ESG activist fund Clearway Capital has targeted French energy major TotalEnergies  – formerly known as Total – demanding it exits its Russian operations given the invasion of Ukraine or otherwise face a shareholder campaign at its next general meeting. The move is the first public campaign by Clearway Capital, which was founded by investor Gianluca Ferrari at the end of 2020. “We believe there to be a groundswell of support among the company’s shareholder base for decisive action from TotalEnergies,” Ferrari told Reuters. The energy giant has halted new investment in Russia and suspended trade in Russian oil but has not exited its operations in the country, which make up 24% of its proven reserves and includes a stake in gas producer Novatek. If its demands are not met, the fund said it was looking at filing, together with a number of large asset managers, a joint resolution so shareholders could vote on the issue annual general meeting on May 25. 

The European Central Bank (ECB) has threatened to name and shame banks after finding that none of the 109 lenders it oversees meet its climate risk disclosure expectations. Banks will be required to publish more detail on their exposure to climate risks from early next year when new rules from the European Banking Authority (EBA) take effect. The ECB called on banks to take decisive action after finding that none met its supervisory expectations for disclosures and only 15 per cent published data on the emissions of the companies they finance, known as scope 3. “Banks are trying to compensate for the poor quality of their disclosures by issuing a great volume of information around green topics,” said Frank Elderson, an executive board member of the ECB, adding that investors and supervisors were left with “a lot of white noise and no real substance”. 

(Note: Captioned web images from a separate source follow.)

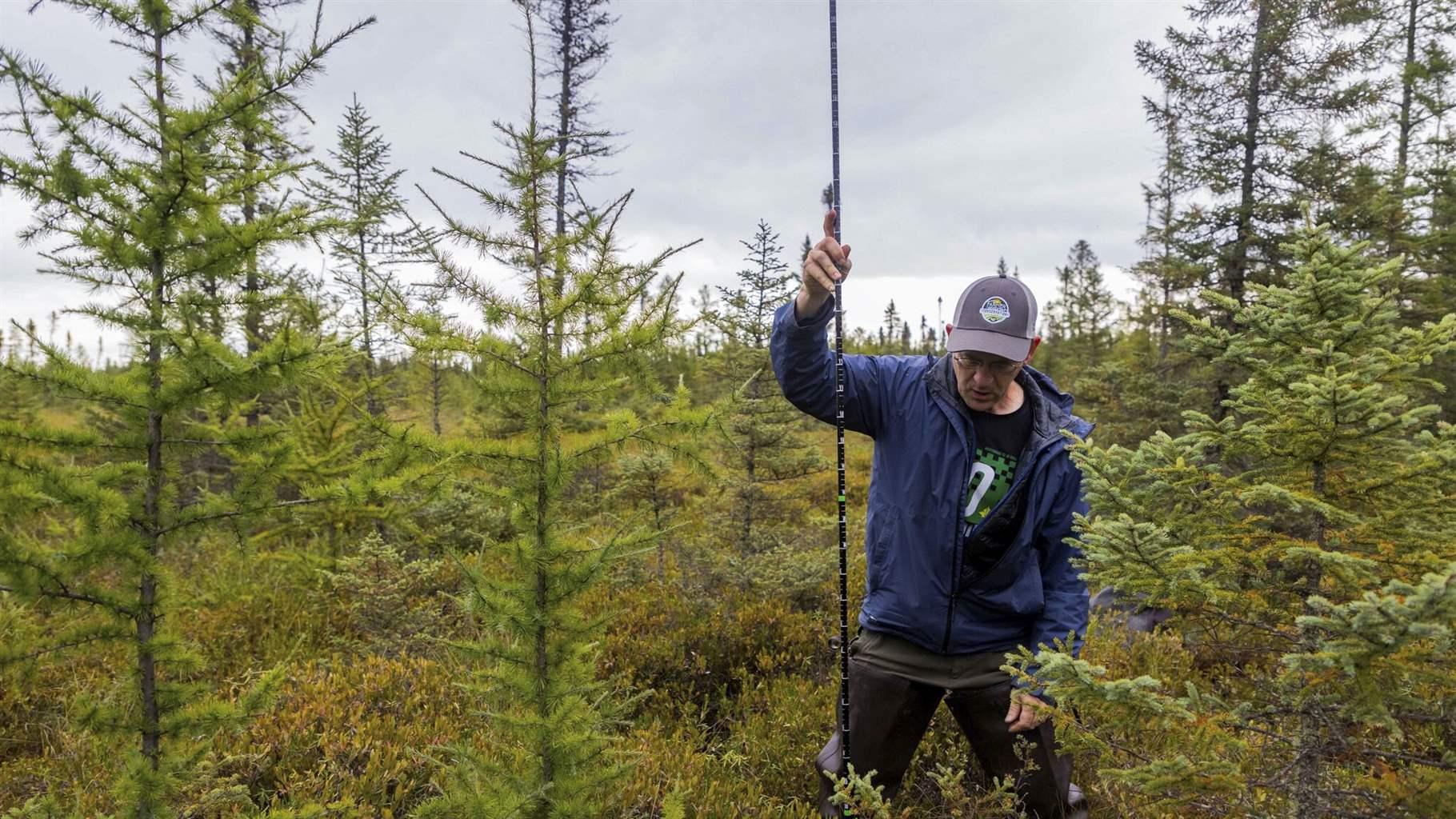 Peatlands Are Nature’s Hidden Ally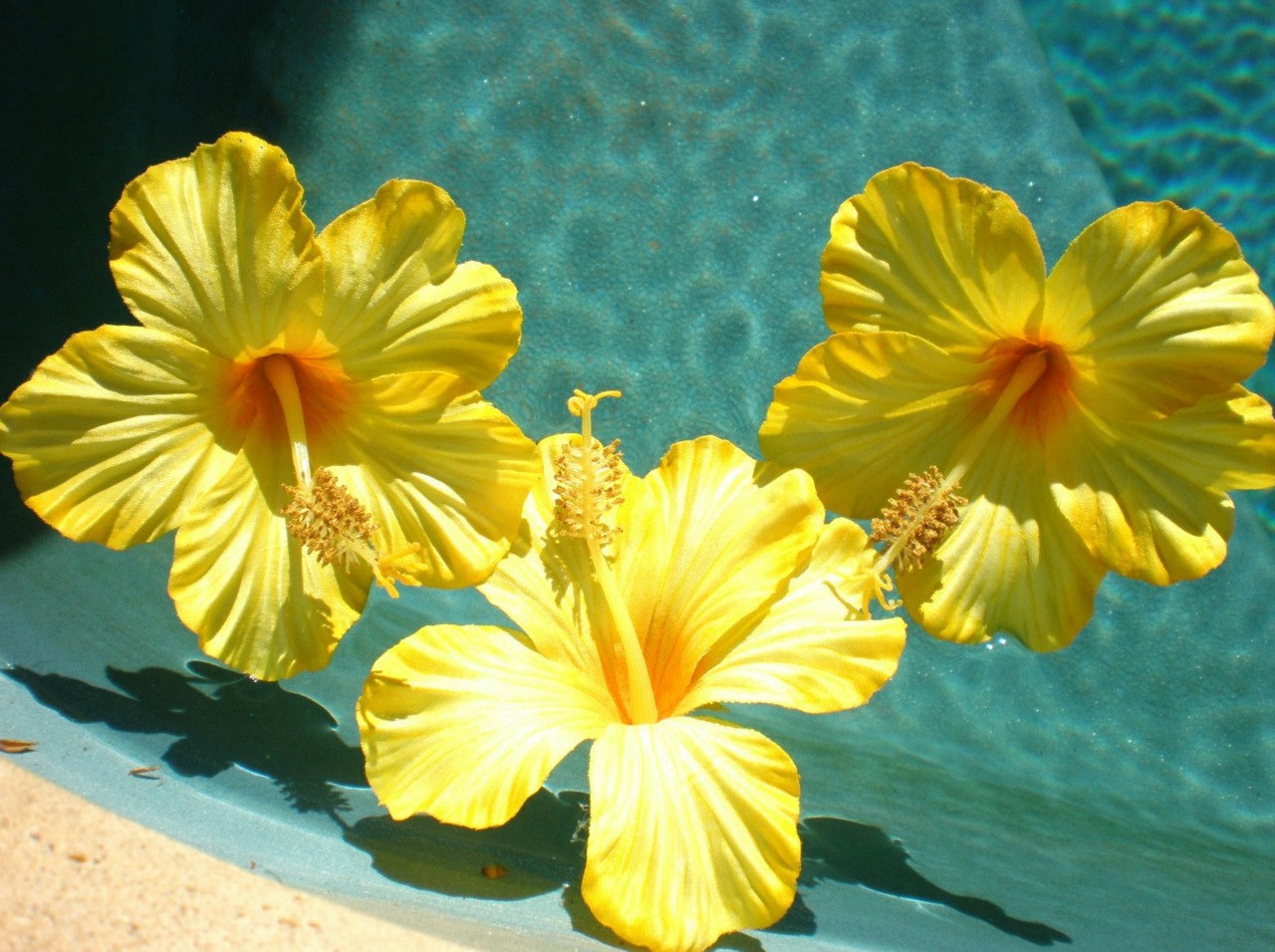 3 ARTIFICIAL FLOATING HIBISCUS FLOWERS WEDDING YELLOW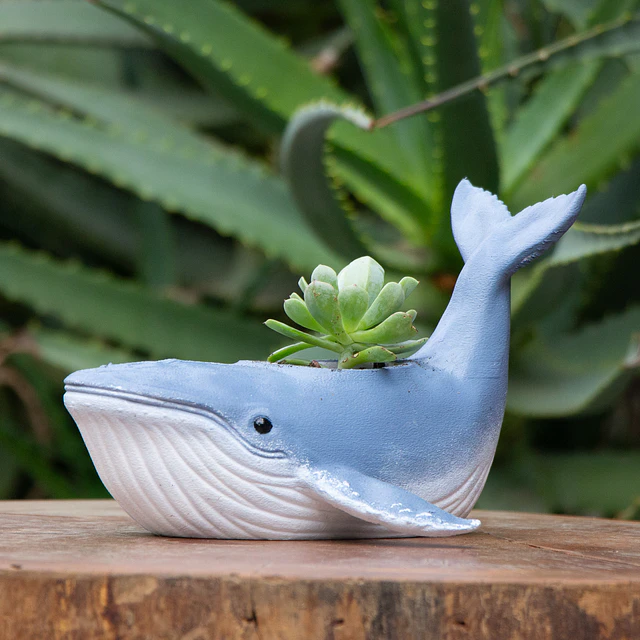 Macetero de Ballena azul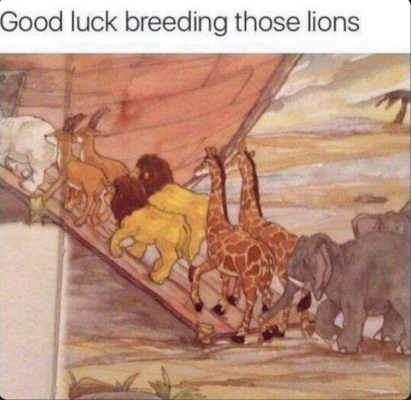 1746788844076.png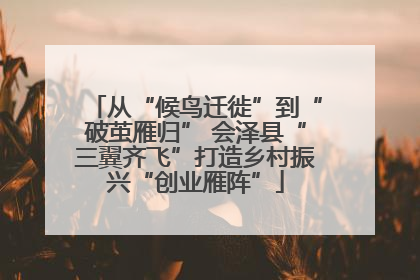 从“候鸟迁徙”到“破茧雁归” 会泽县“三翼齐飞”打造乡村振兴“创业雁阵”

European employment and social affairs ministers today agreed a ‘general approach’ on proposed EU legislation aiming to improve the gender balance among non-executive directors, according to an announcement. The directive aims to set a quantitative target for the proportion of members of the under-represented sex on the boards of listed companies or those who have at least 250 employees. Companies would have to take steps to reach, by 2027, the minimum target of having 40 percent of non-executive director positions held by members of the under-represented sex, or 33 percent if all board members are included. In October 2021, only 30.6 percent of board members across European member states and just 8.5 percent of board chairs were women, although big differences exist between the 27 member states.  

Climate Action 100+ has “flagged” three key shareholder proposals by its members in North America ahead of the 2022 proxy season to drive greater shareholder action on the climate crisis, according to an announcement. The companies being flagged include Berkshire Hathaway, which is facing an investors’ demand to integrate Task Force on Climate-related Financial Disclosures (TCFD)-aligned reports on physical and transitional climate-related risks and opportunities. The proposal at Valero Energy, filed by Mercy Investment Services, calls on the company to both adopt near- and long-term greenhouse gas reduction targets aligned with the Paris Agreement. The targets should include the company’s full range of operational and supply chain emissions, aligning with peer refiners that have already adopted their own targets covering emissions caused by the use of company products. The third proposal is at Imperial Oil, filed by Aequo, which calls on the company to cease capital expenditures in exploration and developments of new oil and gas fields to align its business strategy with the pathway described in the International Energy Agency (IEA) net zero emissions by 2050 scenario. 

The Eurosystem (19 central banks and the ECB) has selected Carbon4 Finance -a provider of climate and biodiversity data to the financial community – to provide climate-related sustainable and responsible investment (SRI) data, according to an announcement. This is in line with the common approach by the Eurosystem central banks to apply sustainable and responsible investment principles to the non-policy related euro portfolios they each manage under their own responsibility. The European Commission has estimated that in order for the EU to meet its 2030 climate target, new investment of up to €260 billion per year will be required over the next decade. 

Global Reporting Initiative (GRI) has launched a new standard to address sustainability challenges facing coal companies. The new sector standard for coal should enable comparable disclosure on plans to transition away from coal mining, risks related to catastrophic incidents and measures to effectively manage impacts on the environment and biodiversity.